Даже в безопасной мирной жизни с добротой есть очевидные проблемы. Она ускользает из рук. На себе не напишешь алгоритм, как ее воспитать и ею воспользоваться; что это может быть такое — «10 лайфхаков, которые позволят вам сделаться добрыми»? Ее невозможно натренировать, непонятно, какие нужно для развития доброты делать упражнения по утрам. Не получается вменить ее себе в обязанность, вставить в расписание — все, с понедельника становлюсь добрым. Опять же, нужно ли для повышения уровня доброты в крови есть на завтрак клетчатку и как она связана с состоянием микробиома кишечника, про это даже британским ученым ничего не известно. Доброта никак не вписывается в современную городскую культуру, где все должно быть технологично и эргономично, с ней, в самых разных смыслах, ничего не поделаешь. Вот когда мама укладывала вас спать — как она развивала этот софт скилл? Кажется, все происходило само собой?
Да что мама. Иной раз заходишь, например, в отделение банка и уже включаешь внутри себя заранее готовый алгоритмический монолог, мысленно заполняешь клеточки в протянутом тебе бланке, и тут девушка в окошке как-то так улыбнется. Или скажет что-то такое. С этакой интонацией. Или не девушка и не в банке, а вообще непонятно кто. С вами вовсе не знакомый встречный паренек. И это ведь ничего ему или ей не стоило, это даже проще, чем послать СМС на горячий номер,— но эти улыбка и голос как-то все меняют, и бывает, что запоминаются на всю жизнь. Как увиденный в детстве мультфильм.

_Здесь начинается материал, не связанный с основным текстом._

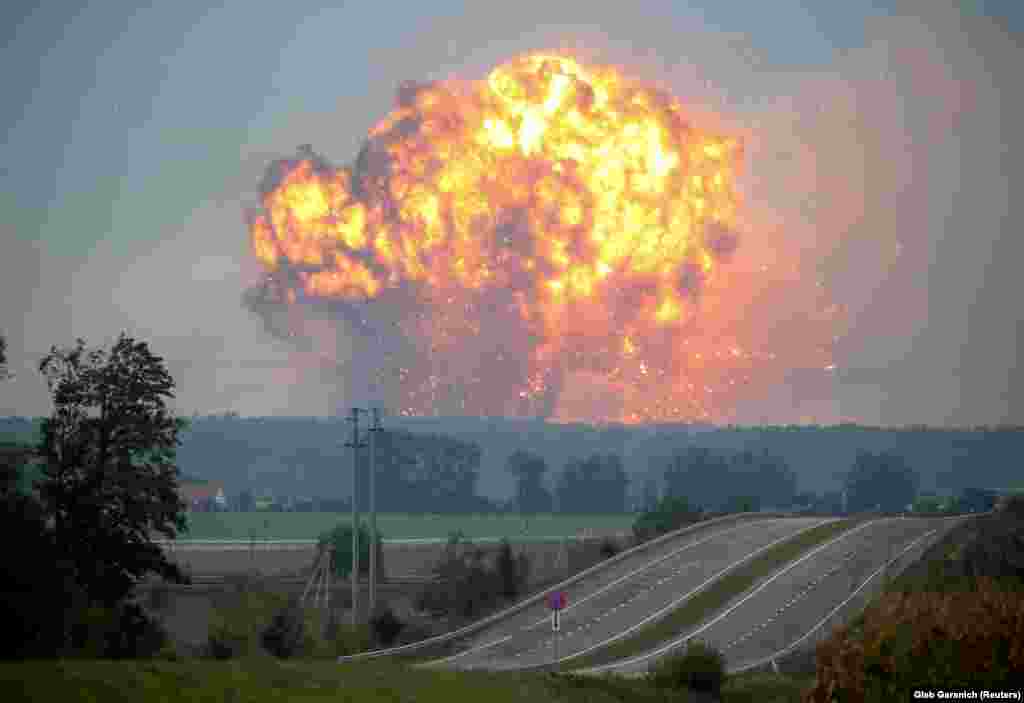 Украинаның Калиновка қаласында орналасқан әскери қоймадағы тонналаған қару-жарақ, оқ-дәрі мен зымырандарды жойып жіберген жарылыс. 27 қыркүйек 2017 жыл. Зымырандар атылып жатқан тұсқа барынша жақын бару үшін "Рейтер" агенттігінің фотографы Глеб Гаранич пен оның оператор әріптесі екеуі түні бойы көліктен түспеген әрі бірнеше полиция тосқауылынан өткен. Журналистер беренді бешпет киіп, камераларын штативке орнатып алып, объективтерін лаулап жатқан қоймаларға қарай бұрған. Бірер минуттан кейін көкжиек алапат жарылыстан жарқырап кеткен. "Жарылыс үні мен дүмпуі бізге 10 секундтан кейін жетті" деп еске алады Гаранич. Бұдан бөлек, фотографтың есінде "майдан шебінен мың шақырым жерде мұндай болады дегенге сене алмаған" жергілікті тұрғындардың үрейлі жүзі қалған.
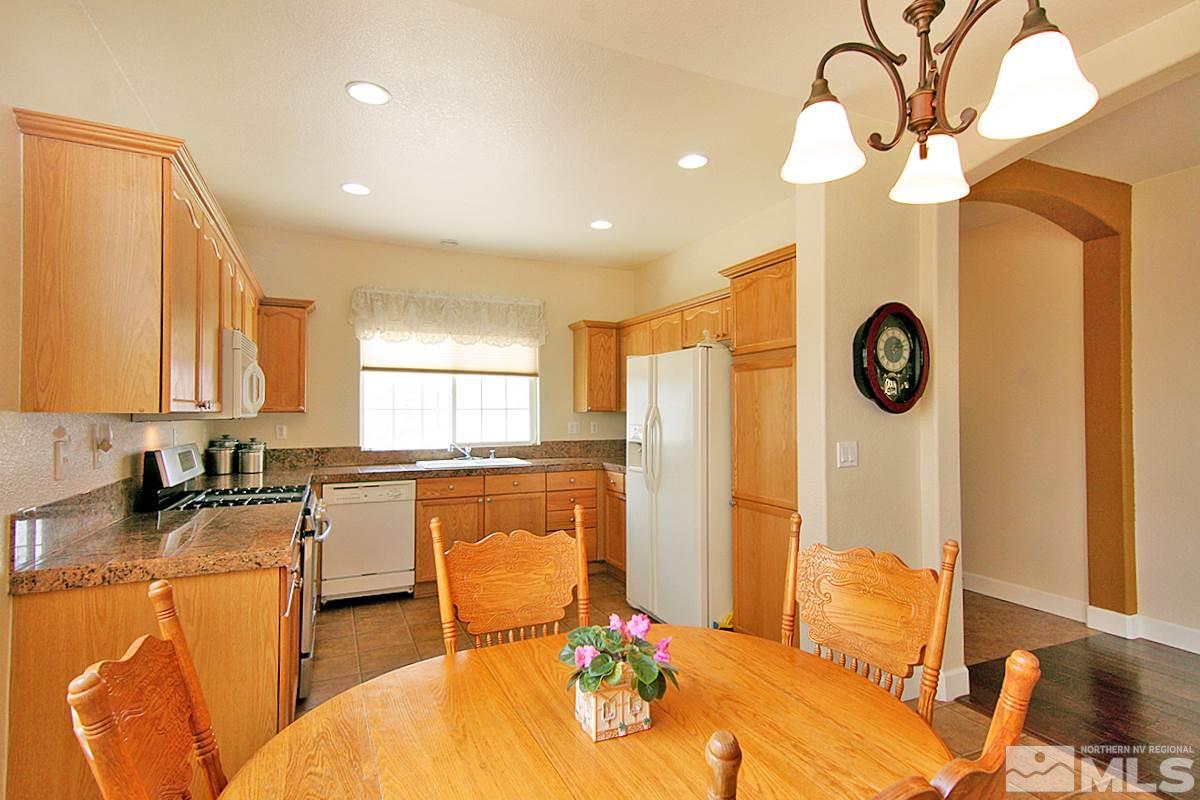 1797 Canyon Shadow Circle Reno, NV 89521 - Photo 6 of 24 Photo 6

«Какая необходимая приправа ко всему доброта,— это Толстой пишет в свои 63 года.— Самые лучшие добродетели без доброты ничего не стоят, и самые худшие пороки с ней прощаются». Может быть, это слово еще и потому так редко звучит, что доброта и должна быть незаметной, возможно, ее вообще нельзя называть. То, для чего нет пошаговой инструкции, у чего нет никакого практического применения, что в каждой отдельно взятой ситуации, в общем, ни за чем не нужно, а иногда бывает даже самоубийственно. Как объяснить, для чего это? Не получается — а ведь без этого было бы совсем нечем дышать, даже при соблюдении всех заповедей и следовании всем лайфхакам. Как научить этому? Никак, нужна какая-то расположенность к миру, которая включается по беззвучному щелчку невидимого тумблера. Или скорее даже — если забыть обо всех на свете тумблерах. Что нужно, чтобы стать таким? Ничего, нужно просто быть. Все лучшие книжки и мудрые философские учения — они же об этом.
И они же о том, что просто быть сложнее всего.